I assume that when Aristotle speaks of listening to "imitations," he means that musical sounds convey feelings which imitate feelings we might experience during everyday events; i.e., music in effect abstracts feelings from lived experiences. Music conveys emotions through non-verbal aural means, much as pantomime conveys emotions to us by non-verbal visual means. Although all music is sound, not all sound is music. To be recognized as music, sound must convey a special meaning, much as is the case with spoken language. When one is fearful or harried, e.g., one typically speaks quickly, while pitch is less important under such circumstances. Dewey writes: "Music, having sound as its medium . . . expresses in a concentrated way the shocks and instabilities, the conflicts and resolutions, that are the dramatic changes enacted upon the more enduring background of nature and human life."(26) Perhaps an advantage of this is that it would make possible the experiencing of certain emotions through the arts which would not be likely to be felt in one's everyday life. If so, then learning to appreciate certain types of music (as well as the other arts) might serve as a corrective for persons in whose everyday lives beauty, e.g., is alien.

Mood and Behavior
   
Music both reflects and elicits various moods and certain moods are typically associated with specific sorts of behavior.(27) That certain sorts of music are regarded as appropriate to certain sorts of activities seems plain enough: We would not play a funeral march at a wedding. Lullabies have a soporific quality. Indian music is well known for its ragas, which are deemed suitable only for certain times of the day. Throughout recorded history, music has been used in a variety of social situations to promote moods appropriate to that situation, such as liturgical music to elevate one's spirit or promote a reflective mood. I think also of a film I have seen in which Emil Gilels plays Rachmaninoff's G-minor prelude to pump up the adrenaline of Russian flyers before they leave to engage the Nazis.

    Were I to teach a course in music appreciation, I would attempt to reveal the congruence between music and behavior in the following manner: I would have the class listen to a variety of different kinds of music and ask them to imagine that each of the excerpts were from the soundtrack of a movie. They would then be asked to describe what sorts of events would be taking place in the imaginary film. Any consensus that might exist would in itself pose a number of questions. In this way, they would be led to understand that the sorts of feelings elicited by music are more or less congruent with certain sorts of action. And when one considers that actions are elicited by feelings, one cannot help but wonder about the moral ramifications of the mentality engendered by much of the popular culture aimed at teens.
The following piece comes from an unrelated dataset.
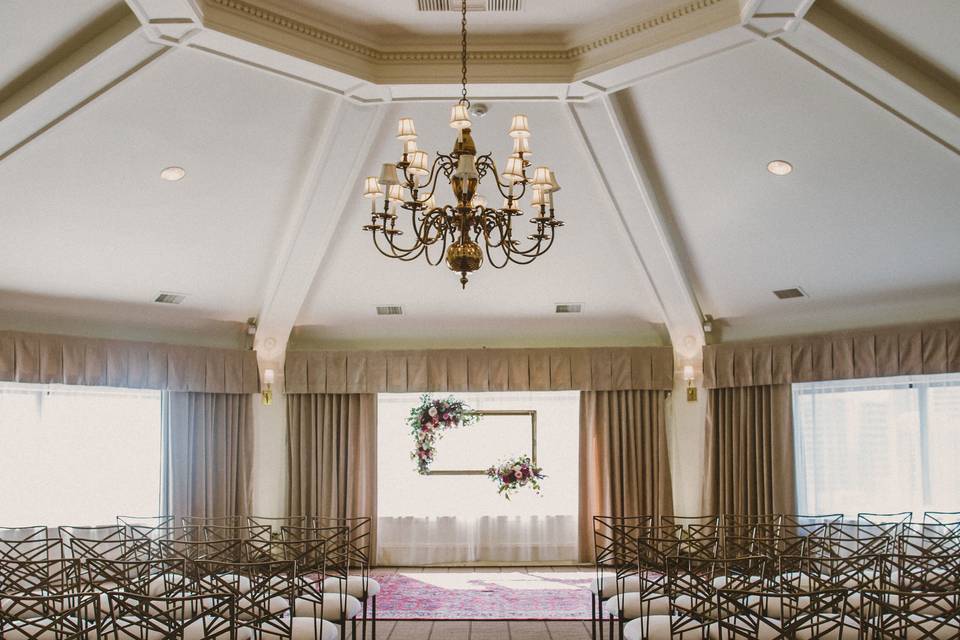 Indoor ceremony area | Jason Lucas Photography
    Consider so-called "gangsta rap." What are the feelings elicited by it? Given its heavily declamatory nature, typical rap music bears little resemblance to other forms of music, either in terms of the music or lyrics. Rap is sometimes said to be an expression of anger on the part of inner city youth toward inequities in the justice system. But such inequities have existed for many years, often in a much more severe form. What seems to have changed is society's willingness to tolerate lyrics which denigrate and advocate violence toward women and police. Moreover, rap has great appeal to upper middle class white youth who do not experience such inequities, yet judging from the number of school shootings in recent years, the anger attributed to urban youth must extend well beyond the confines of the barrio.
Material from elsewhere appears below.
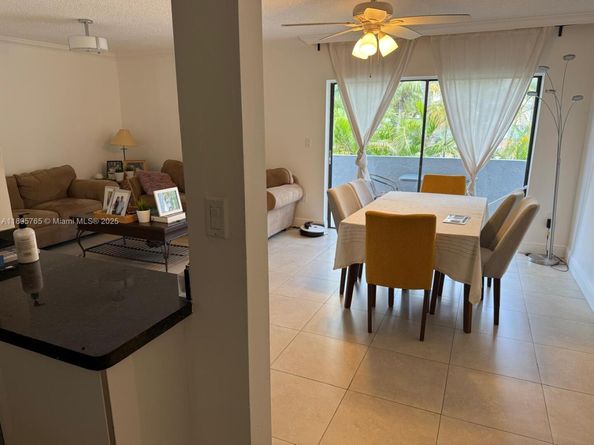 3582 NE 171st St 201, North Miami Beach FL 33160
    Henry Louis Gates, Jr. acknowledges that violence in rap is extreme, but argues: "When you're faced with a stereotype, you can disavow it or you can embrace it and exaggerate it to the nth degree. The rappers take the white Western culture's worst fear of black men and make a game out of it." But that would hardly explain why so many rappers have been arrested. By contrast, I cannot recall a single classical musician being arrested. So while there may be no simple causal connection between the music one prefers and one's behavior, there seems to be at least a correlation here which needs explanation.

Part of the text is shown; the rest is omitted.